Girls can be almost anything they want nowadays — CEOs, world leaders, and now, Boy Scouts.
The Boy Scouts of America announced Wednesday it's expanding its Cub Scout program to welcome girls and will give them the opportunity to earn the Eagle Scout rank.
The organization says this will create convenient programs for whole families, as well as spark interest in demographics "underserved by Scouting." Officials say these demographics include members of the Asian and Hispanic communities.
"This is not just about potentially involving little girls or sisters of our current Cub Scouts. This is about creating a demand and an avenue to serve the whole family that are nonlegacy members," Chief Scout Executive Mike Surbaugh said earlier this year.
Starting in the 2018 year, existing Cub Scout packs can choose to establish an all-girl, all-boy or co-ed pack. Cub Scout dens — which are smaller groups that make up packs — will continue to be single gender.
The Boy Scouts of America is also developing a program for older girls "using the same curriculum as the Boy Scouts program." That program will allow girls to earn the Eagle Scout rank, and it's projected to start in 2019.
We don't know yet what the Boy Scouts program for girls will be called but calling it "Girl Scouts" could get a little confusing and maybe even controversial.
As of Wednesday afternoon, the Girl Scouts of the USA hadn't commented on the Boy Scouts' latest decision.

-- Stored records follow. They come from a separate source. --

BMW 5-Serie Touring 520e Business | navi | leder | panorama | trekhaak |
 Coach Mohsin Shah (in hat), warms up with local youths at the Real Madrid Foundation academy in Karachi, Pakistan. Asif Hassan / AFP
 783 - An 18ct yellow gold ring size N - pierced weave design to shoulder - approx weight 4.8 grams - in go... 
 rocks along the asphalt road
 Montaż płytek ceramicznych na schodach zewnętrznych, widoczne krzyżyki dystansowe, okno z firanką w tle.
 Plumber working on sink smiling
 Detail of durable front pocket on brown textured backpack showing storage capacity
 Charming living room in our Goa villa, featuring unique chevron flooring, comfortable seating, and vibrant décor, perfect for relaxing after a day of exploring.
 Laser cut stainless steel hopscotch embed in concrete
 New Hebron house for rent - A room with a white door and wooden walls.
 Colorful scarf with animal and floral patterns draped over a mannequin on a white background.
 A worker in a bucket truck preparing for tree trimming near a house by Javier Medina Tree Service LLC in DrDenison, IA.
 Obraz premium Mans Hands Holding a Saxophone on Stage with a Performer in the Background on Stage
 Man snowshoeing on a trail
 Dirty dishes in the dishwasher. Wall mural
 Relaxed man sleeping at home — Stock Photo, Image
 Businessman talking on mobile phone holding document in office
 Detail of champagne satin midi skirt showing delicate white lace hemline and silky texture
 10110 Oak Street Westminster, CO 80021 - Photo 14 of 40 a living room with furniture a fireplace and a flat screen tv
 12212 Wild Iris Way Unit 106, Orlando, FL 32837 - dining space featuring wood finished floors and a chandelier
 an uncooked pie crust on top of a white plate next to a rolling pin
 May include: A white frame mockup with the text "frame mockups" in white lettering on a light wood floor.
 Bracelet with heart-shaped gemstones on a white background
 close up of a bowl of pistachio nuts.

Earlier this summer, however, multiple outlets reported a growing tension between the organizations.
Back in August, a Girl Scouts spokesperson told BuzzFeed that opening more Boy Scouts programs to girls could be "a potentially dangerous and bad idea." The Girl Scouts' communications director told Slate that, because of differences in how boys and girls learn, the Boy Scouts program "will not simply translate easily into girls."